A Free-Market Energy Blog

Other Arguments Against Environmental Commodification (Part IV)

By Sterling Burnett -- July 14, 2013

“Where ecological services need to be monetized, they likely will be. Where monetization is unlikely or virtually impossible, they probably don’t need to be brought into the cost benefit calculations of decision makers in the normal course of events. And attempting to do so might be viewed with suspicion and undermine support for the very environmental benefit one is attempting to foster.”

Defining ecosystems in general or a specific ecosystem in particular is a difficult endeavor.

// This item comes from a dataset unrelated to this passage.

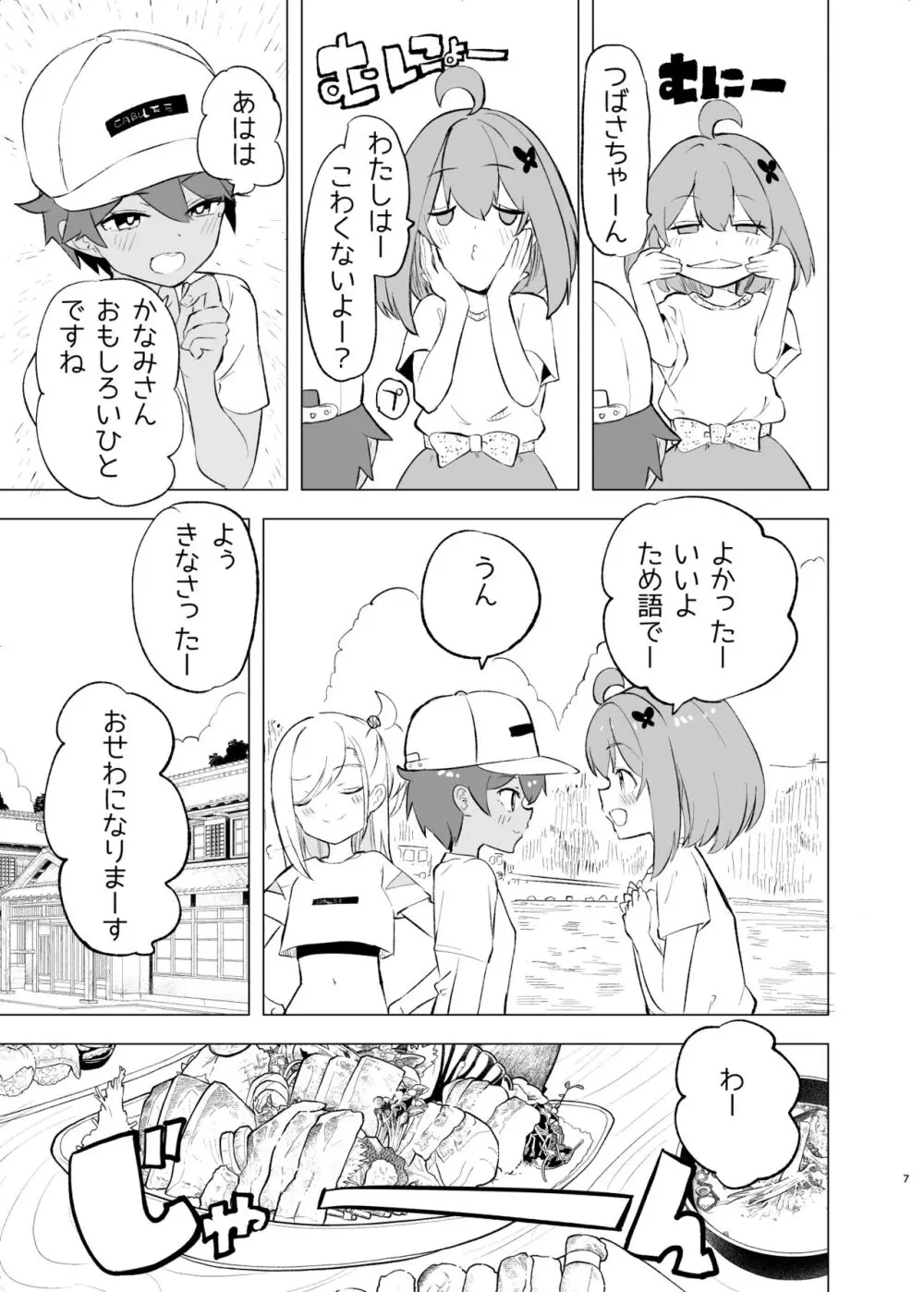 淫祭 Page.6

As daunting a task as this is, it is no less difficult to establish a sound economic baseline for the entirety of the benefits that nature provides to mankind. Where ecological services need to be monetized, they likely will be. Where monetization is unlikely or virtually impossible, they probably don’t need to be brought into the cost benefit calculations of decision makers in the normal course of events. And attempting to do so might be viewed with suspicion and undermine support for the very environmental benefit one is attempting to foster.

To complete this four-part series, I provide illustrations about why spending public resources in an attempt to commodify ecosystem services is not worthwhile.

Fisheries

Years ago, I wrote a paper concerning the ocean fisheries. In it I considered three main ways of managing fisheries: Anarchy, government regulation, and establishing property rights.

I noted that originally most of the worlds’ resources were under the regime of anarchy, and this was okay when technology was primitive and populations were small, but as this began to change, property rights were developed in resources that proved critical in the face of growing populations with improved technologies for exploiting natural resources and for damaging said resources.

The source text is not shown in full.